She can't breathe. Her eyes sting. Flames. Acrid smoke sears her nostrils. Spine-chilling screams. Black clouds blind her. Columns, the ceiling collapsing. Sparks flying, flames attacking her. A moment later, she opens her eyes. Her body is cool. The shadow cast against the wall by the grating is like a solid net. Someone sobs softly in the dark. She can hear the prison guard's boots echoing in the distance. She can hear someone shouting at the person crying. She curls up. The sobbing dies down. She closes her eyes. The footsteps recede. Tomb-like silence falls. Soon Chunhee is fast asleep again.

The conflagration was indeed horrific. Over eight hundred people perished in the fire, and even more in the market where it eventually spread. The damage was massive. It was no exaggeration to say that half of Pyungdae burned to the ground. It was the greatest tragedy since the war.

A few days after the fire, government investigators arrived. They were reminded of the horrendous scenes in the war's immediate aftermath, when entire cities vanished in flames. Pyungdae, once flourishing, was now a city of death. Smoke still rose from ruined heaps of former buildings, and though it had not completely collapsed, the ashen exterior of the theater [End Page 11] showed just how horrifyingly intense the fire had been. Pungent smoke blanketed the town and the air quivered with the smell of burnt flesh and rotting corpses. Wails emanated from every house and scorched, unburied bodies were strewn in the streets, each attracting swarms of flies. The investigators covered their eyes and ears, confronted with the most hideous scene they had ever witnessed.

When Chunhee returned to Nambaran, the factory was completely empty. After not being paid for months, and after learning of the fire, all the workers had dispersed. She felt abandoned. Though she lived in her own world, she was used to the bustle of people, and it was hard for her to endure such solitude. And she was hungry. Not a grain of rice remained. The situation was no different from before. She still couldn't understand what was going on. She recalled those who had disappeared, one by one. Geumbok and Mun, Jumbo and the twin sisters, the fishmonger and the one-eyed woman, and the workers at the factory. …

Chunhee eventually realized she was the only one left. She flinched at the whistle of a train rattling past. That was how she had gotten to Pyungdae. Only then did she remember that there was another world out there. There was the stable where she was born, and the place where the twin sisters had run the bar. Maybe the vanished twin sisters were still running the bar. She thought the train would take her somewhere, eventually.

________

Chunhee was pegged as the suspected arsonist by the police. She was the sole survivor of the fire. Many eyewitnesses saw her escape the raging flames. She had motive in abundance. The police guessed that after being left behind in the deserted factory, she burned the theater down to avenge being abandoned by her mother. Police were dispatched to the brick factory to arrest Chunhee, but she wasn't there. The factory had already shut its doors, and half-made bricks were scattered about. [End Page 12]

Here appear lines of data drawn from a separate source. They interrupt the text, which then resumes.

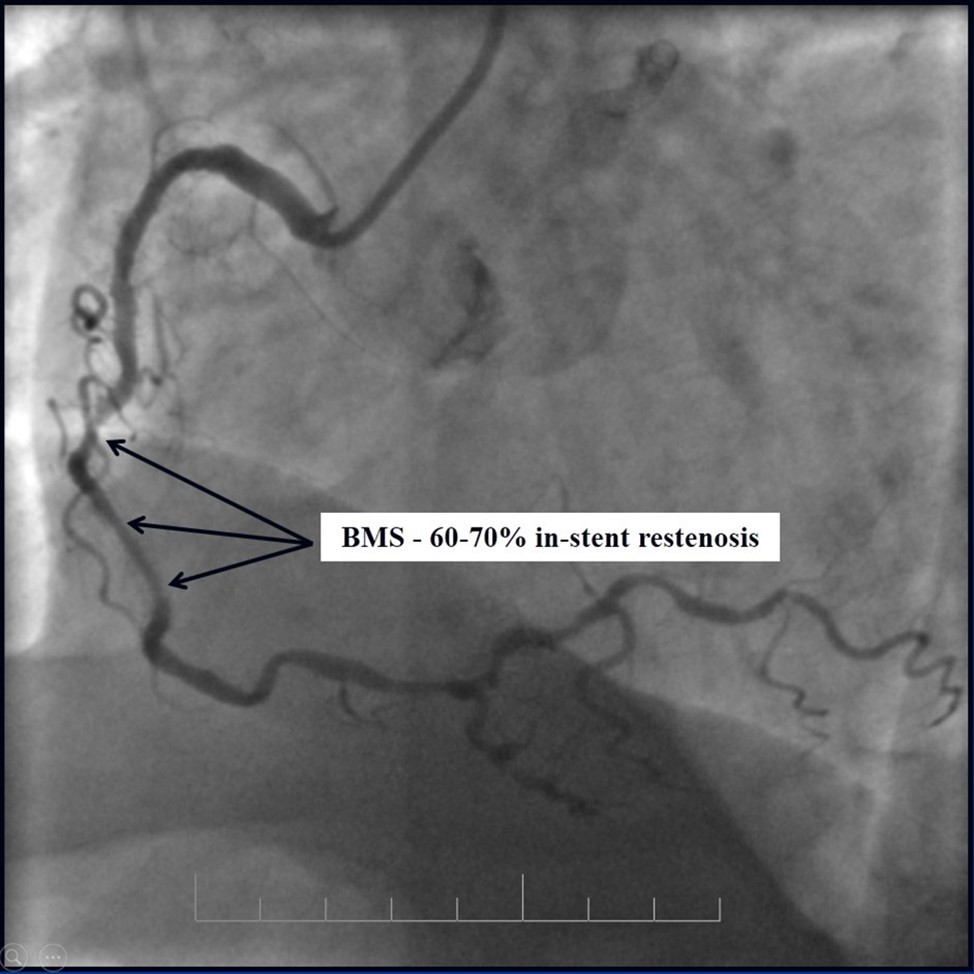 Journal of Clinical Case reports and Images-Percutaneous coronary intervention (PCI)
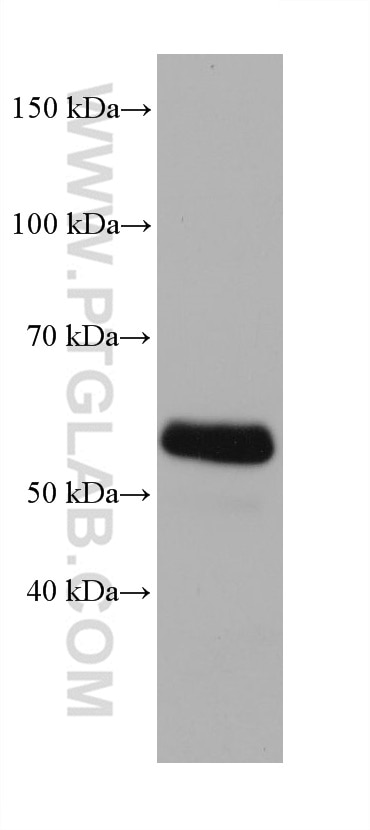 Western Blot (WB) analysis of LNCaP cells using Occludin Monoclonal antibody (66378-1-Ig)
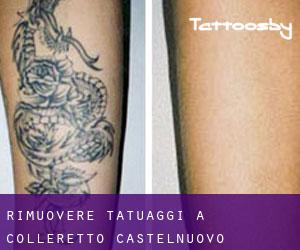 Rimuovere Tatuaggi a Colleretto Castelnuovo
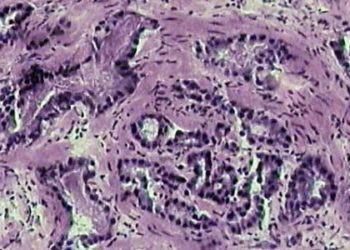 Androgen deprivation in prostate cancer: intermittent may compromise survival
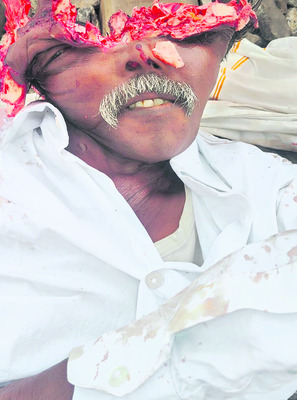 గోడపై నుంచి పడి మహిళకు తీవ్ర గాయాలు1
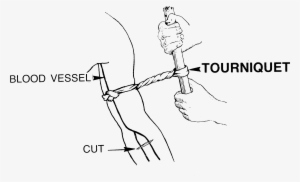 Tourniquet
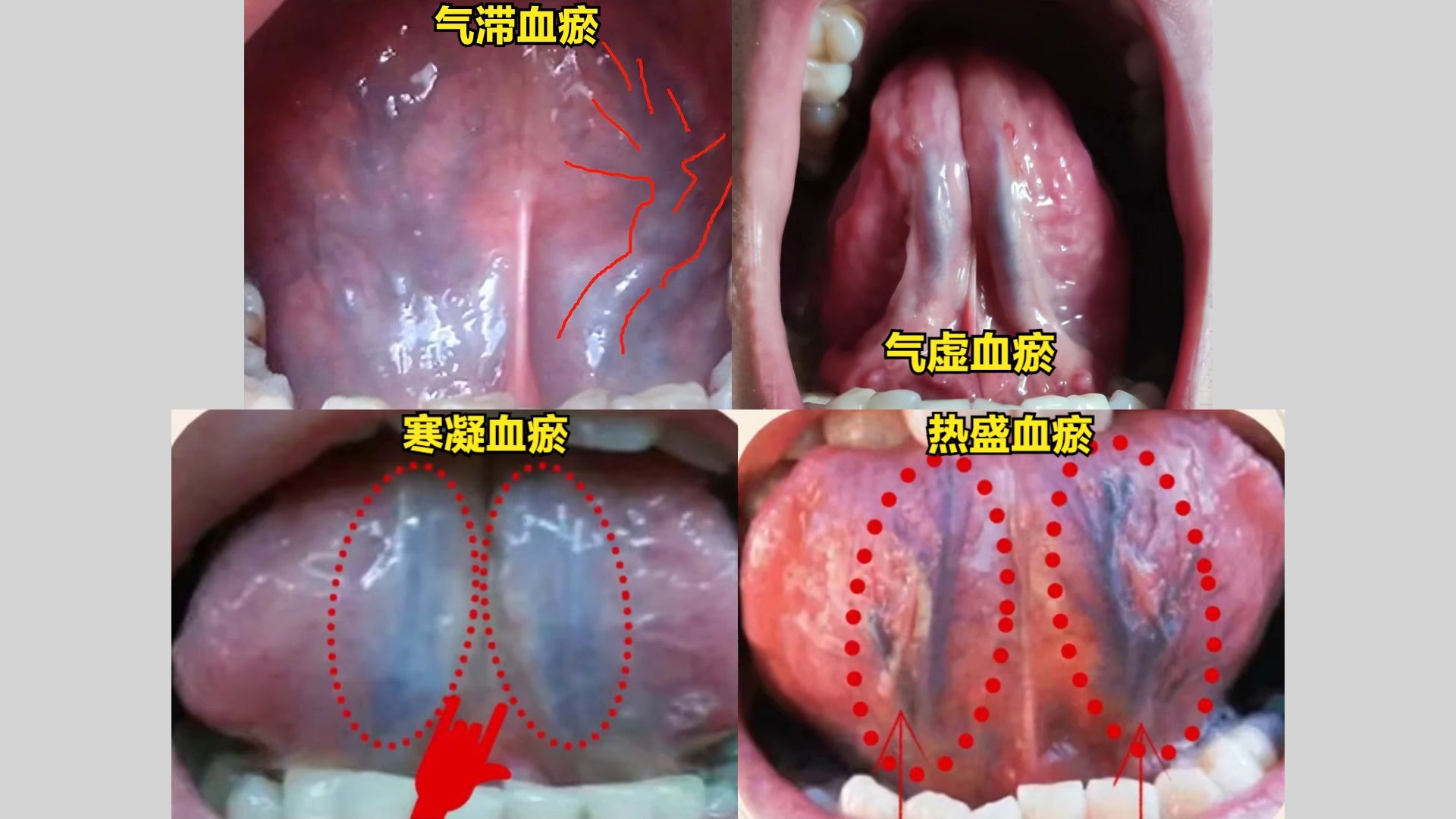 [图]舌诊同样是瘀血 ，病因却不同，气滞生瘀，热盛生瘀，寒凝血瘀，气虚生瘀，你知道自己是哪种瘀吗？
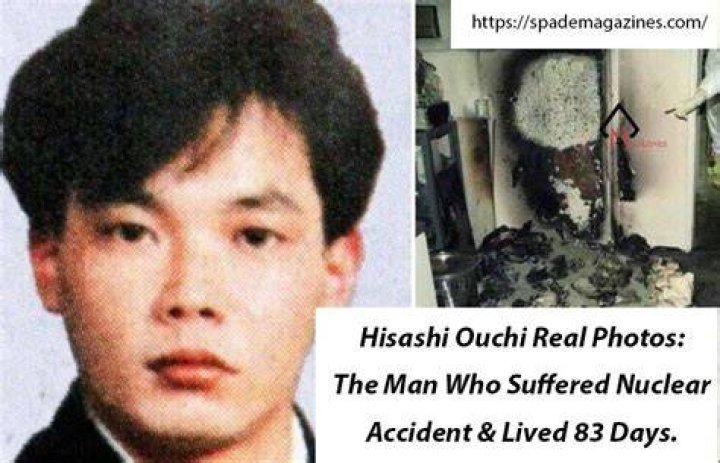 Mysterious 83 Days: Disturbing Photos Of Hisashi Ouchi's Tragic Accident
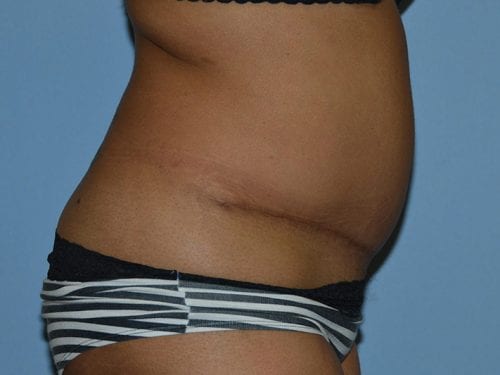 After Image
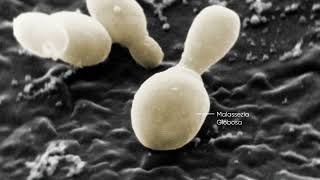  Penetration Layer Deep into Hair Bulb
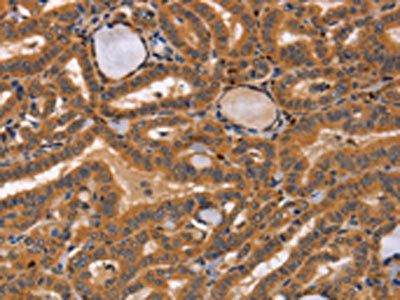 CCL23 Antibody
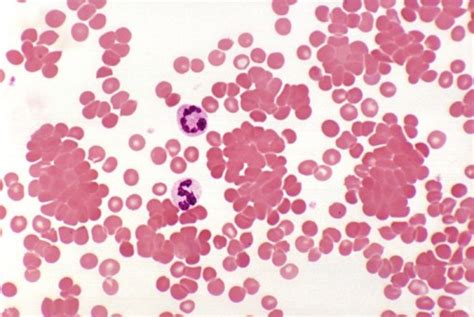 Cold autoimmune hemolytic anemia | Pathology Student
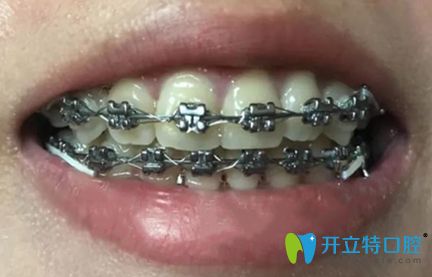 在深圳好佰年矯正牙齒9個(gè)月的效果圖 在深圳好佰年矯正牙齒9個(gè)月的效果圖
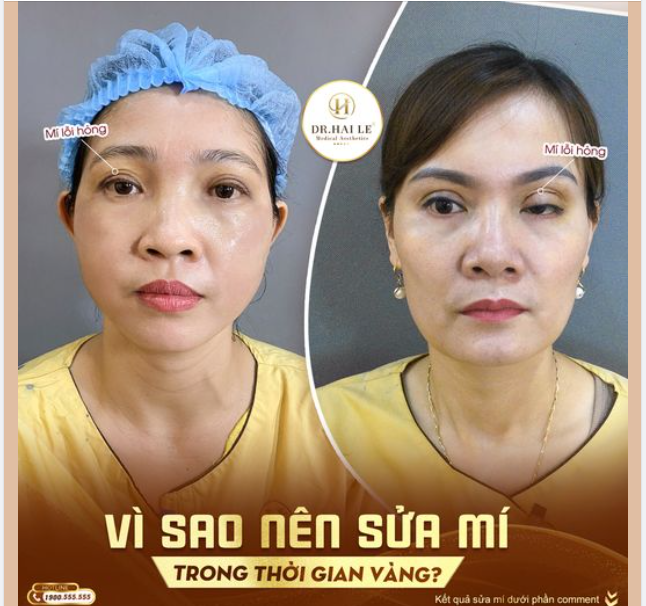 VÌ SAO NÊN SỬA MÍ TRONG THỜI GIAN VÀNG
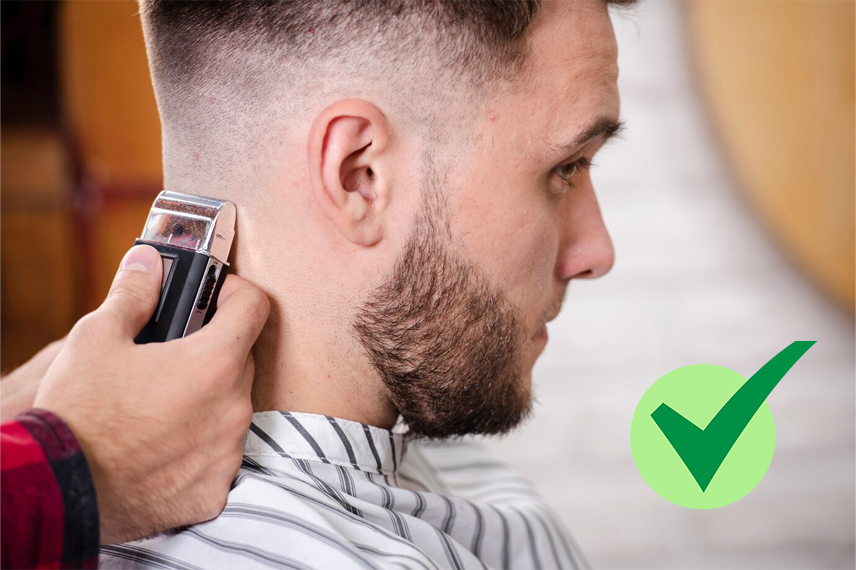 ایا برای کاشت مو باید کچل کرد؟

Around that time, Chunhee went to the train station, but she hadn't a single coin in her pocket. Even if she had money, she wouldn't have known how to buy a ticket. The train arrived while she stood there trying to figure out what to do. The passengers rushed toward the turnstile. Chunhee followed them. The station attendant noticed and stopped her. She was confused, and looked dumbfounded. When the whistle announced the train's departure, Chunhee shoved aside the attendant blocking her path and ran toward the train. As she passed through the turnstile, the train was already well on its way. But she kept running. Soon she tripped over a stone and fell. The train was heading out of the valley and disappearing. When...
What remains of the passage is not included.